Black Lives Matter. The money from this month’s kind supporters of Thought Shrapnel has gone directly to the 70+ community bail funds, mutual aid funds, and racial justice organizers listed here.
A 2019 study conducted by the Massachusetts Institute of Technology found that none of the facial recognition tools from Microsoft, Amazon and IBM were 100% accurate when it came to recognising men and women with dark skin.
And a study from the US National Institute of Standards and Technology suggested facial recognition algorithms were far less accurate at identifying African-American and Asian faces compared with Caucasian ones.
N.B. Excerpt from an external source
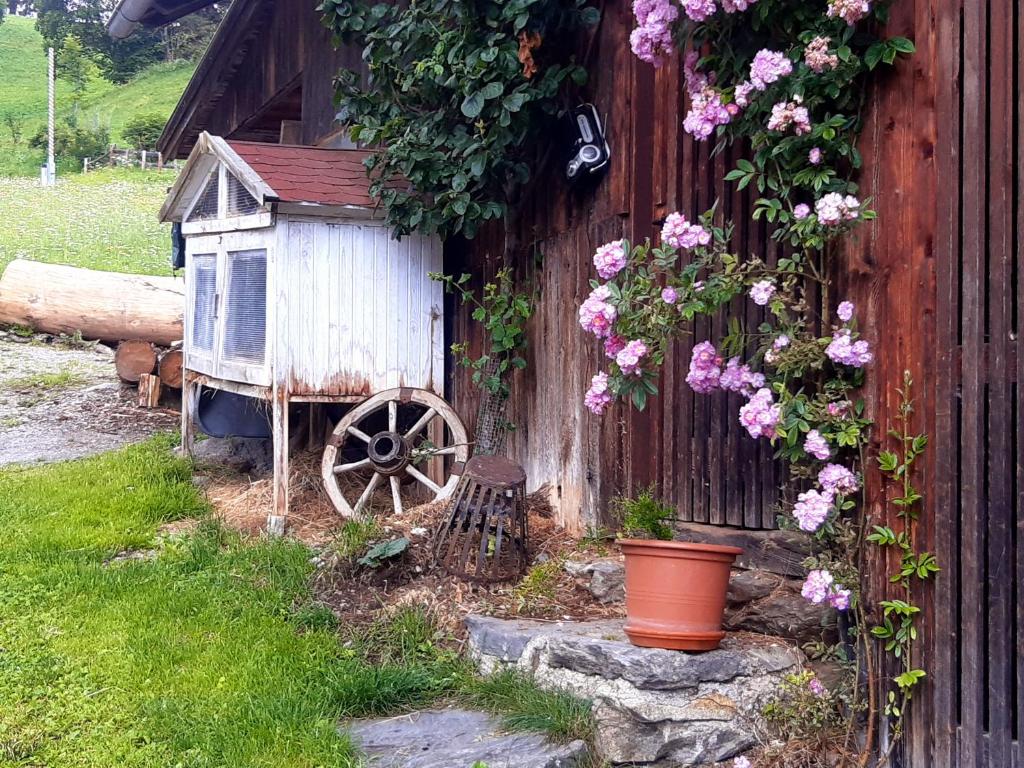 Aed väljaspool majutusasutust Bed & Breakfast Dolomiti Bey Haus Pinter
Amazon, whose Rekognition software is used by police departments in the US, is one of the biggest players in the field, but there are also a host of smaller players such as Facewatch, which operates in the UK. Clearview AI, which has been told to stop using images from Facebook, Twitter and YouTube, also sells its software to US police forces.
Maria Axente, AI ethics expert at consultancy firm PwC, said facial recognition had demonstrated “significant ethical risks, mainly in enhancing existing bias and discrimination”.
BBC News
Like many newer technologies, facial recognition is already a battleground for people of colour. This is a welcome, if potential cynical move, by IBM who let’s not forget literally provided technology to the Nazis.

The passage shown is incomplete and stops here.